Residence organs rose to greater popularity in the 17th century, and by the 18th century much larger ones were being built, in England, Holland, and France. It was the end of the 19th century and the turn of the 20th that saw the advent of large and complex purpose-built residence organs in the private homes of those wealthy enough to afford such things, usually not played by the owners themselves but by professional organists whose services they would hire, for private concerts and the like. A four-manual organ was built in Blenheim Palace in 1891 by the Willis company, for example, and such things were symbols of ostentation and opulence on the parts of their owners.

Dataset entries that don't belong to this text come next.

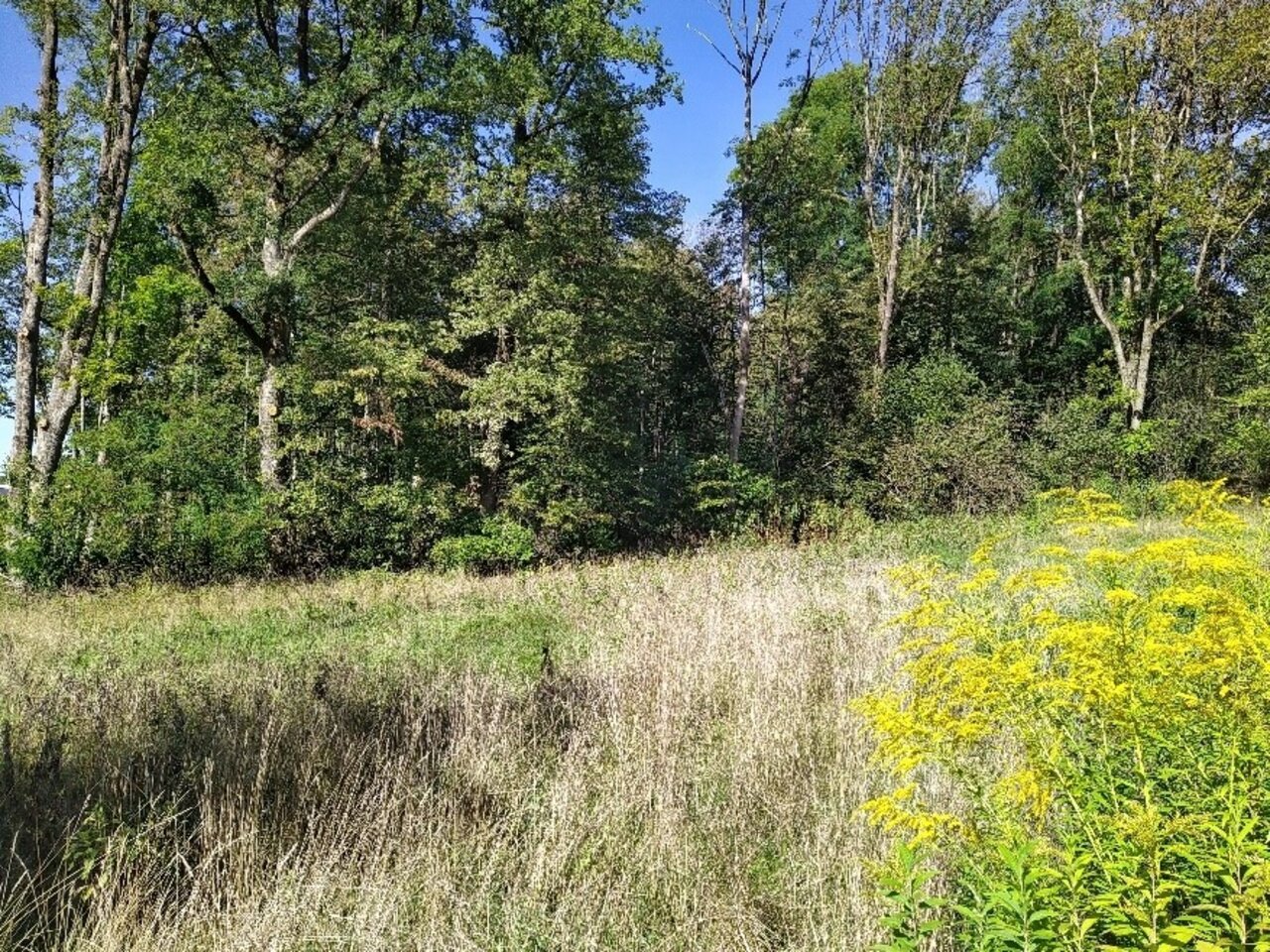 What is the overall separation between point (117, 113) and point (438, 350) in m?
6.81

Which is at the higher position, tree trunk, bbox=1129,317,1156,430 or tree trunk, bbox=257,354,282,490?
tree trunk, bbox=1129,317,1156,430

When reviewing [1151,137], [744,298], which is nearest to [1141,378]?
[1151,137]

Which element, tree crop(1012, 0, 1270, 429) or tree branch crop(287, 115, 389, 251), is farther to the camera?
tree crop(1012, 0, 1270, 429)

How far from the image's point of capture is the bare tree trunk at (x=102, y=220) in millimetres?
12188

But things changed in the 20th century with the advent of new technologies. Right at the start of the century the paper-roll playing mechanisms of the pianola were incorporated into residence organs, which had the side-effect of eliminating the profession of residence organist, requiring the operator to do no more than operate the organ stops and expression pedals (which, in its turn, was eliminated within a decade, that too being encoded onto the paper roll itself). Residence organs in the 1930s grew to encompass an even wider range of instruments with the advent of the electronic organ and (later) the analogue synthesizer as home organs. There has been a "purist" backlash against these; and even today one can find companies that will build "real" (i.e. not electronic) residential organs, customized for individual homes. But by the turn of the 21st century, with a few occasional exceptions, it was the electronic organ and the synthesizer to which professionals and amateurs now turned to for practice and informal use at home.